Intel on Wednesday published performance results of its Habana Labs Gaudi2 deep learning processor in MLPerf, a leading DL benchmark. The 2nd Generation Gaudi processor outperforms its main currently available competitor — Nvidia's A100 compute GPU with 80GB of HBM2E memory — by up to 3 times in terms of time-to-train metrics. While Intel's publication does not show how the Gaudi2 performs against Nvidia's H100 GPU, it describes some of Intel's own performance targets for the next-generation of chips.

"For ResNet-50 Gaudi 2 shows a dramatic reduction in time-to-train of 36% vs. Nvidia’s submission for A100-80GB and 45% reduction compared to Dell’s submission cited for an A100-40GB 8-accelerator server that was submitted for both ResNet-50 and BERT results," an Intel statement reads.

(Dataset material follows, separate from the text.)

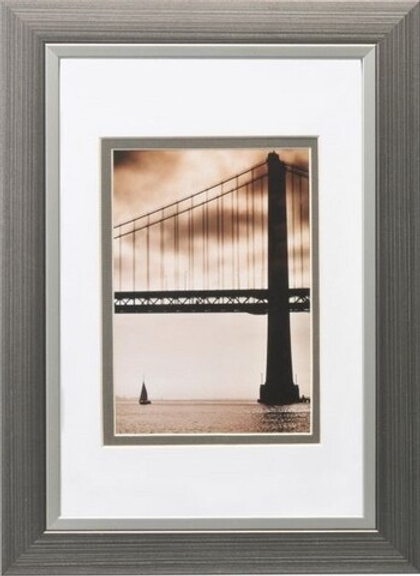 HENZO 80982 15x20 /10x15 (паспарту) Frisco Bay пластик (т.серая) ф/рамка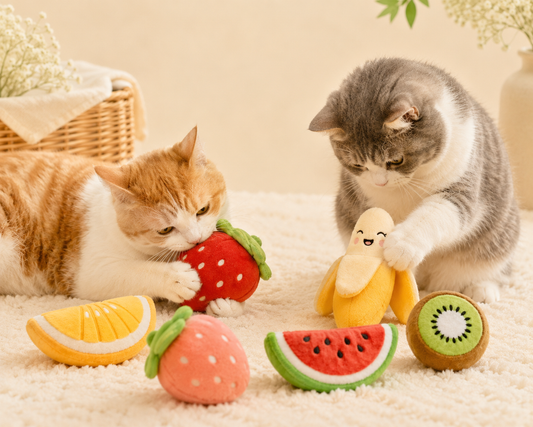 Fresh Picked Fruit Pals - Plush Cat Toys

3X Performance Uplift vs Gaudi

Before jumping right to performance results of Intel's Habana Gaudi2, let us quickly recapture what Gaudi actually is. The Gaudi processor is a heterogenous system-on-chip that packs a Matrix Multiplication Engine (MME) and a programmable Tensor Processor Core (TPC, each core is essentially a 256-bit VLIW SIMD general-purpose processor) cluster capable of processing data in FP32, TF32, BF16, FP16, and FP8 formats (FP8 is only supported on Gaudi2). In addition, Gaudi has its own media engines to process both video and audio data, something that is crucially important for vision procession.


While the original Habana Gaudi was made using one of TSMC's N16 fabrication processes, the new Gaudi2 is produced on an N7 node, which allowed Intel to boost the number of TPCs from 8 to 24 as well as add support for the FP8 data format. Increasing the number of execution units and memory performance can triple performance compared to that of the original Gaudi, but there may be other sources for the horsepower increase. On the other hand, there may be other limitations (e.g., thread dispatcher for VLIW cores, memory subsystem bandwidth, software scalability, etc.)

Compute cores of the Gaudi2 processor are equipped with 48MB of SRAM in total and the memory subsystem features 96GB of HBM2E memory offering a peak bandwidth of 2.45 TB/s (which is one of a few numbers we could tie to Nvidia's upcoming H100, which offers a memory bandwidth of around 3 TB/s in its SXM form at 700W(opens in new tab)). To make the chip even more versatile, it has 24 100GbE RDMA over converged Ethernet (RoCE2) ports.

The only things that are missing from the specifications are FLOPS and power (since these are are Mezzanine OAP cards, we assume it's 560W tops).

2X Performance Uplift vs A100

To benchmark its new Gaudi2 deep learning processor, Intel used computer vision (ResNet-50) and natural language processing (BERT) models from the MLPerf benchmark. The company compared Habana's machine with two Xeon Scalable 8380 CPUs and eight Gaudi2 processors (as Mezzanine cards) against commercially available servers powered by the 1st Gen Gaudi as well as Nvidia's A100 80GB/40GB-powered servers (with eight GPUs) from Dell and Nvidia. The results are currently featured in ML Common's database (details, code).

Intel stresses that performance results of Nvidia A100-powered systems were obtained via out-of-box machines and performance of of Gaudi-powered servers was achieved "without special software manipulations," which defers "from the out-of-the-box commercial software stack available to Habana customers."

"Training throughput was derived with TensorFlow dockers from NGC and from Habana public repositories, employing best parameters for performance as recommended by the vendors (mixed precision used in both)," the description reads. "The training time throughput is a key factor affecting the resulting training time convergence."

While we should keep in mind that we are dealing with performance numbers obtained by Intel's Habana Labs (which should always be taken with some grain of salt), we also should appreciate that Intel published actual (i.e., eventually verifiable) performance numbers for its own Habana Gaudi2 deep learning processor and its competitors.


Indeed, when it comes to computer vision (ResNet-50) model, Intel's Gaudi2 outperforms an Nvidia A100 system by two times in terms of time-to-learn metrics. There are of course somewhat different software settings (which is natural given different architectures), but since we are dealing with one model, Intel claims that this is a fair comparison.